RStudio Server is offered to all Quest users on the Analytics Nodes and is a convenient, browser-based option for R users. Because the Analytics Nodes are a shared resource, you are limited in what kind of workflows are appropriate to run on this resource. Moreover, your experience using RStudio Server may be slower or unstable due to the activity of other users. Especially, if you are working with large datasets, you may find yourself crashing your RStudio session on the Analytics Nodes.
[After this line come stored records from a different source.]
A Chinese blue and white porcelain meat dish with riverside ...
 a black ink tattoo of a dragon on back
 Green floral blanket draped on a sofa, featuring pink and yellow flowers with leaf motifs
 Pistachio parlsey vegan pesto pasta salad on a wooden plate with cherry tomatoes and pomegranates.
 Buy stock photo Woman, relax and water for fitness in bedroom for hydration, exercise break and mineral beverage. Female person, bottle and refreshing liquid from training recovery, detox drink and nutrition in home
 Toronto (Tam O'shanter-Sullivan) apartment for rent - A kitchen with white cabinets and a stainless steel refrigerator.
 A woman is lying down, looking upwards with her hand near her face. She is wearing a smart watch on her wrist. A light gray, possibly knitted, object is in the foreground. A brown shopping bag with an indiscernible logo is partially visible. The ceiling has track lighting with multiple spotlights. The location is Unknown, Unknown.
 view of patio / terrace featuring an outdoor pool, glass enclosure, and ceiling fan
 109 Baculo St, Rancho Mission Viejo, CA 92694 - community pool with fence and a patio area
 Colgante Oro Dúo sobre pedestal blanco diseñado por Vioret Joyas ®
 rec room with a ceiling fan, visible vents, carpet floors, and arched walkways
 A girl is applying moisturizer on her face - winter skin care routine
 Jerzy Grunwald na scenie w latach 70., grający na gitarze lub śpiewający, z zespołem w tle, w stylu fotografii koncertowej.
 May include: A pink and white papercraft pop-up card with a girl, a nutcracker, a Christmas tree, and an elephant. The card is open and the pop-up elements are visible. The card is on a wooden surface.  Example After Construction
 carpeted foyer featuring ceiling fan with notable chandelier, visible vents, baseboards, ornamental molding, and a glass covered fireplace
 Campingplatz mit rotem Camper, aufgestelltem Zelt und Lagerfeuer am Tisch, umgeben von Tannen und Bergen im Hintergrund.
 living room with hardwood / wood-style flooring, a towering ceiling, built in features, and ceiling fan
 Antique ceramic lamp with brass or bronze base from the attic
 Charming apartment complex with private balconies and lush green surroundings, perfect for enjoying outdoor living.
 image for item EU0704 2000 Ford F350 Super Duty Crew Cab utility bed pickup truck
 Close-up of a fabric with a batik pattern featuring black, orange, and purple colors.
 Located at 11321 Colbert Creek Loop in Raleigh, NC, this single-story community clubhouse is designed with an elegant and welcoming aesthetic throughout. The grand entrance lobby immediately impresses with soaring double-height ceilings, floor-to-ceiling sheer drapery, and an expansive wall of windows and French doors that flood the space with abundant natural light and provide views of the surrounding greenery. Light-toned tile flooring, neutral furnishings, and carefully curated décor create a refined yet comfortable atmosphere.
To that end, users can run RStudio Server (preferred) or RStudio Desktop on the Quest compute nodes, where you can reserve memory and CPU resources and do not have to share resources with other users.

RStudio Server

RStudio Server can be launched and run on a Quest compute node through an interactive job or batch job on Quest.

To schedule the interactive job from the command line on Quest, ssh into a login node and type:

srun -A <allocation_name> -p <queue_name> -N 1 --ntasks-per-node=1 --mem-per-cpu=4G --time=04:00:00 --pty bash -l

This example requests a single core for a 4 hour job. Substitute an active allocation name and queue name, for example if using allocation p12345 this might be:

srun -A p12345 -p short -N 1 --ntasks-per-node=1 --mem-per-cpu=4G --time=04:00:00 --pty bash -l

Note that the more cores requested, the longer the wait for the interactive session to start. Do not request more than 1 node for RStudio Server sessions.

Once the session begins, get the name of the compute node the session has landed on by running the command hostname, e.g.,

$ hostname

Next, load the version of R you would like to run and any additional modules that you need for installing or using certain R packages, e.g.,

[qnode0372 ~]$ module purge
[qnode0372 ~]$ module load R/4.2.0
[qnode0372 ~]$ module load geos/3.8.1

After you have loaded these modules, load the rstudio-server/2023.06 module, which will display to you a short hand version of the instructions that you see here.

[qnode0372 ~]$ module load rstudio-server/2023.06
If you have not already done so, make sure you are running and interactive or batch
Before launching RStudio Server, load the version of R you would like to run and any
additional modules that you need for installing or using certain R packages, e.g.,
module load R/4.2.0
module load geos/3.8.1
Once this is done, call the command `rserver <port_number>` where <port_number>
should be a value between 8000 and 9000.
Based on the port number and the compute node that RStudio Server is running on, you
will then tunnel to the server using the command:
`ssh -L <port_number>:localhost:<port_number> <your_netID> ssh
-N -L <port_number>:localhost:<port_number> qnode<number>` filling in the appropriate
value for <port_number> and <compute_node>
Finally, in your *local browser* you can then put in the URL
`localhost:<port_number>` and connect to your RStudio Server session. 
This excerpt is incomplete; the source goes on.